**EXERCISE:** Look through the data below for the line with "2026 BMW X5 xDrive50e xDrive50e" and the line with "2023 Toyota Hilux SR", then output those two and all lines in between, exactly as written.

**RECORDS SHOWN:**
------------------------------------------------

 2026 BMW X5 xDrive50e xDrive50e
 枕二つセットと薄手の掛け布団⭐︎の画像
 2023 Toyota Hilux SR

------------------------------------------------

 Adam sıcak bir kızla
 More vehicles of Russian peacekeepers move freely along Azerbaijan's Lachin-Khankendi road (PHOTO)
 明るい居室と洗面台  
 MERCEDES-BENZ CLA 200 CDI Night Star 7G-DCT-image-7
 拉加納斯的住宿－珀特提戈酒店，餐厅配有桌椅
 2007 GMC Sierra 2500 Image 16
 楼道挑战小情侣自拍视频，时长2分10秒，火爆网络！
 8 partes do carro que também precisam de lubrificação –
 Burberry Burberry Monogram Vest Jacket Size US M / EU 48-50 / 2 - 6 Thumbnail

------------------------------------------------

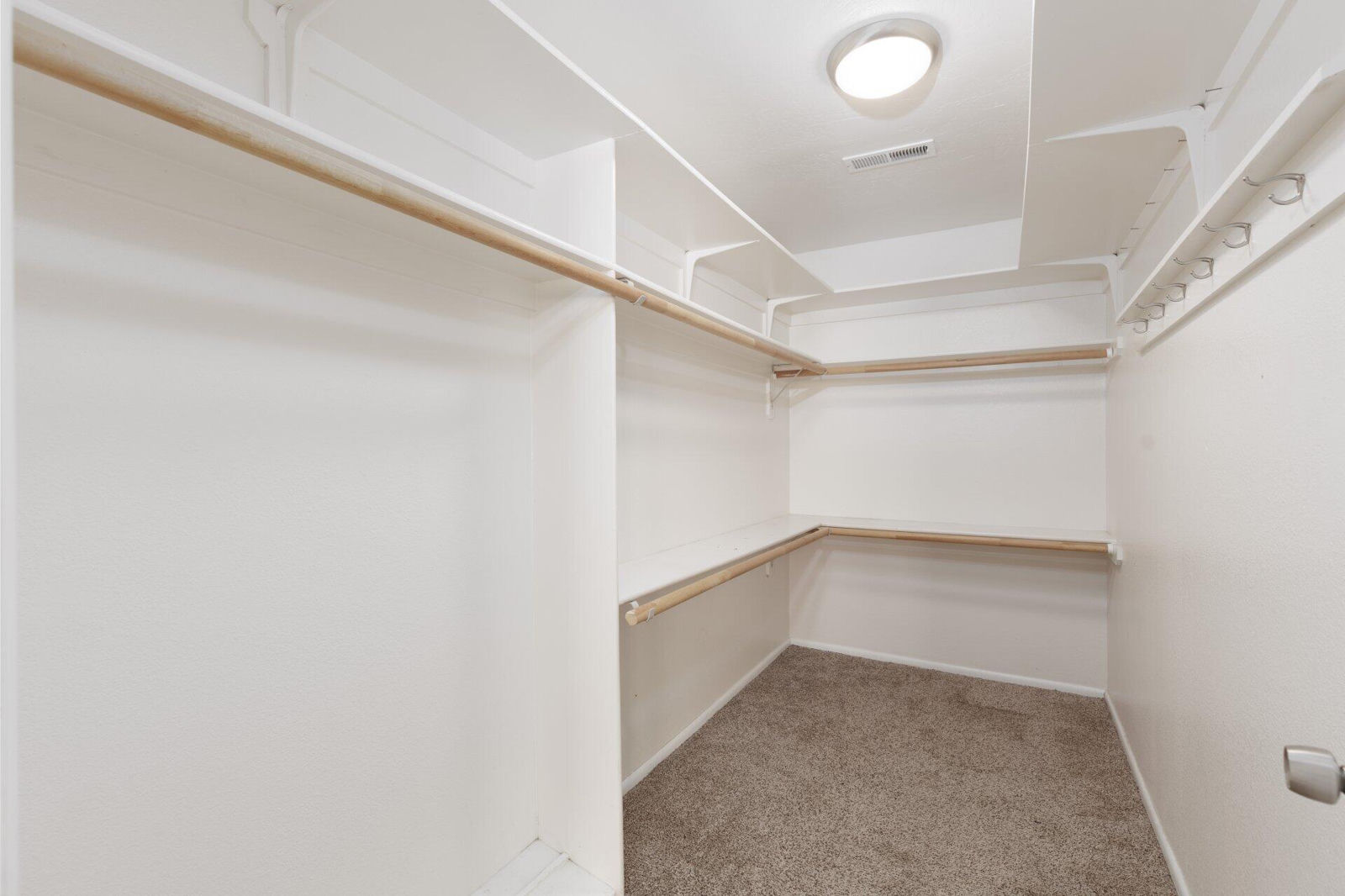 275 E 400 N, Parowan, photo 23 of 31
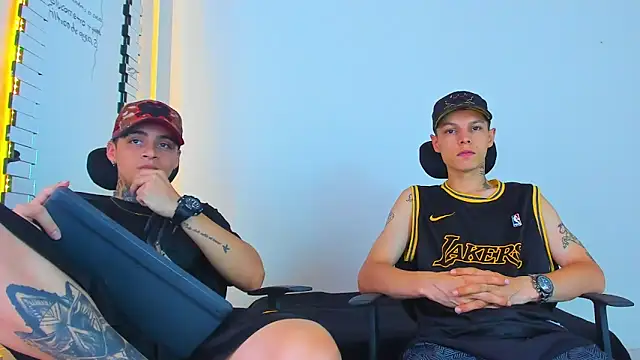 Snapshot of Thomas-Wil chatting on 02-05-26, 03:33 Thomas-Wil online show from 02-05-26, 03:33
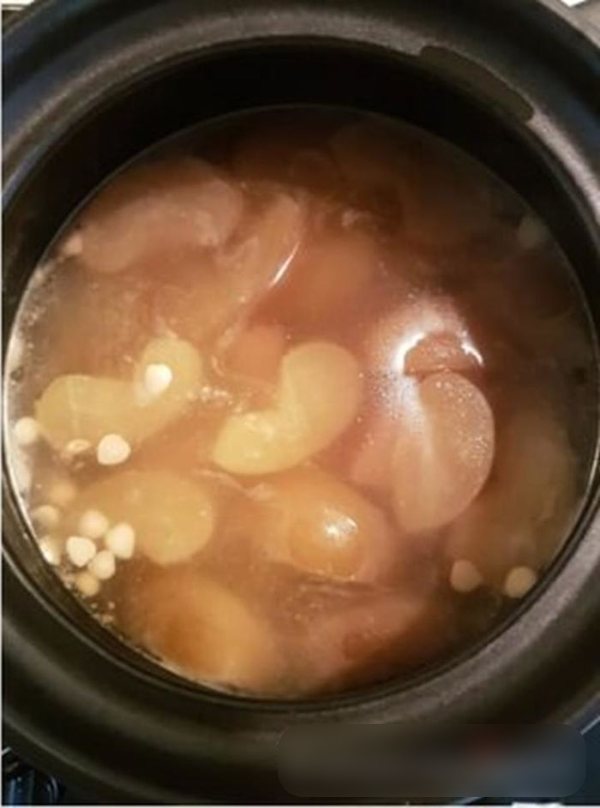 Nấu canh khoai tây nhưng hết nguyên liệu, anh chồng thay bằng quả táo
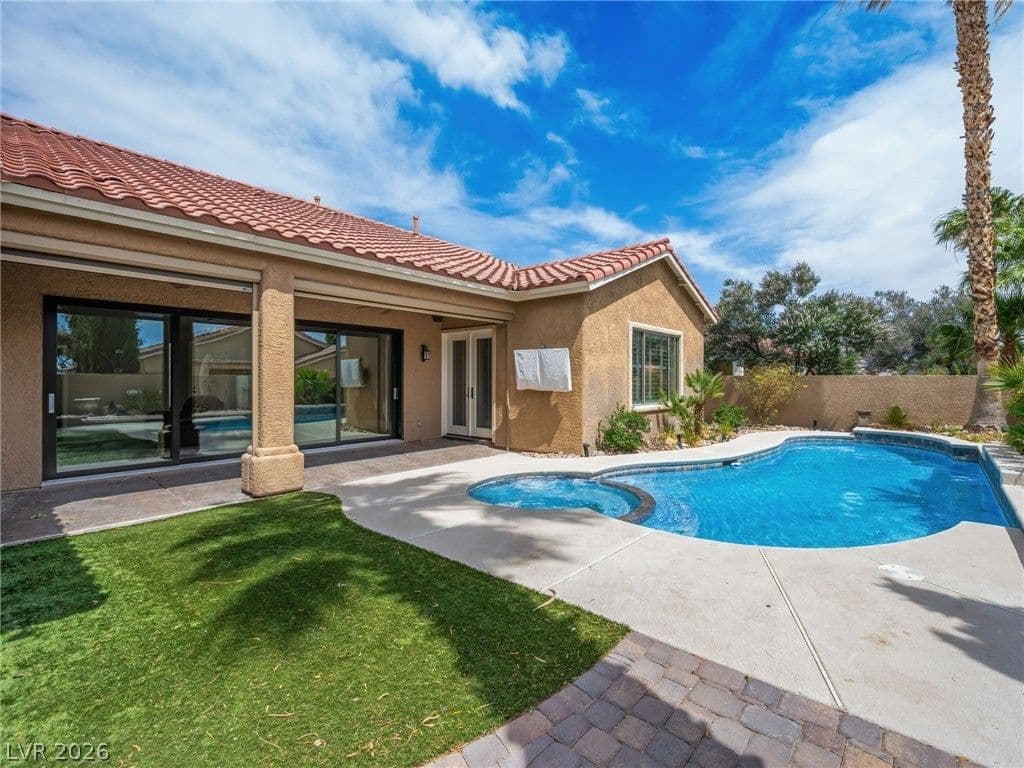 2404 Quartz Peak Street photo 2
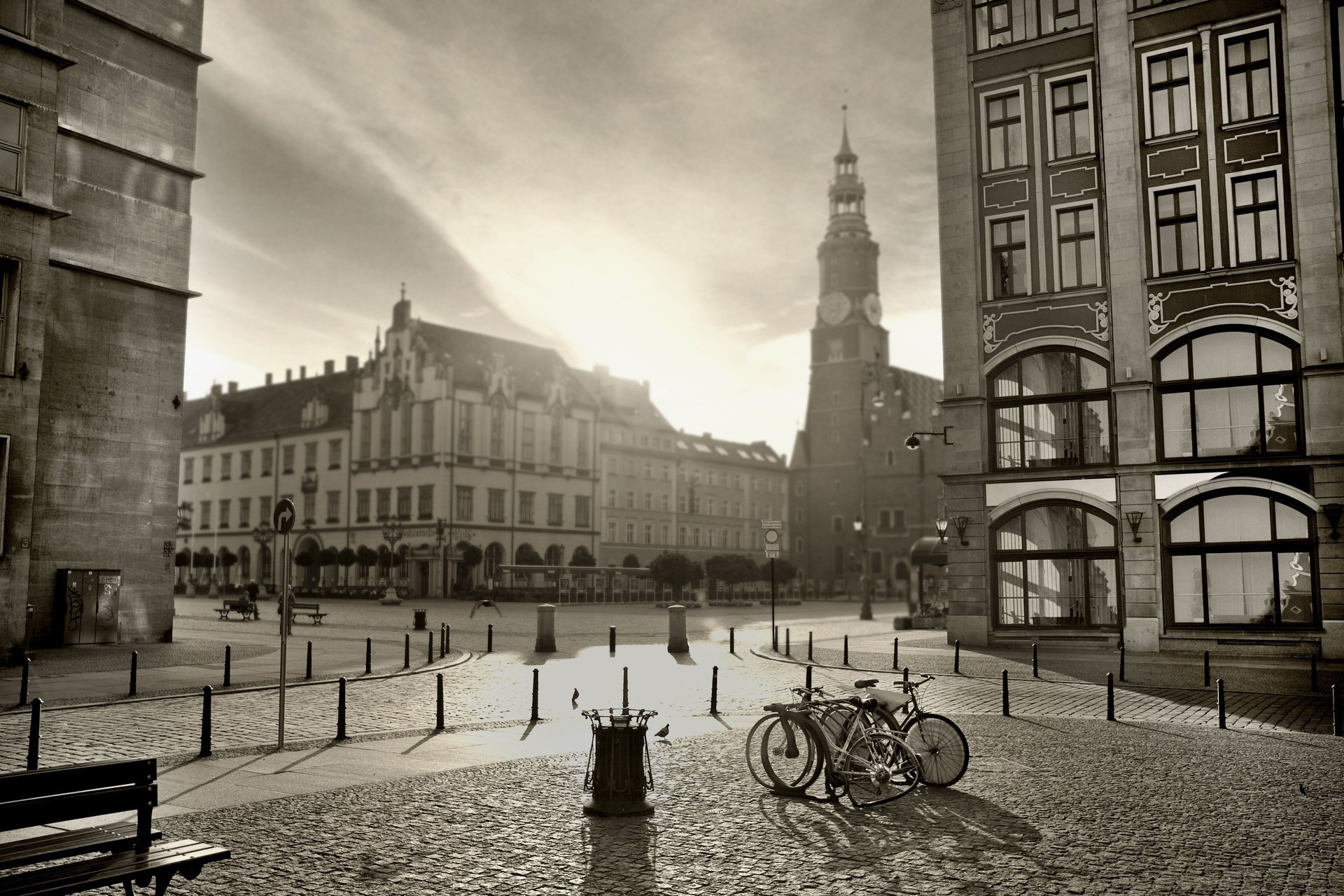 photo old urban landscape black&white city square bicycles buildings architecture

------------------------------------------------

**YOUR RESPONSE:**
 2026 BMW X5 xDrive50e xDrive50e
 枕二つセットと薄手の掛け布団⭐︎の画像
 2023 Toyota Hilux SR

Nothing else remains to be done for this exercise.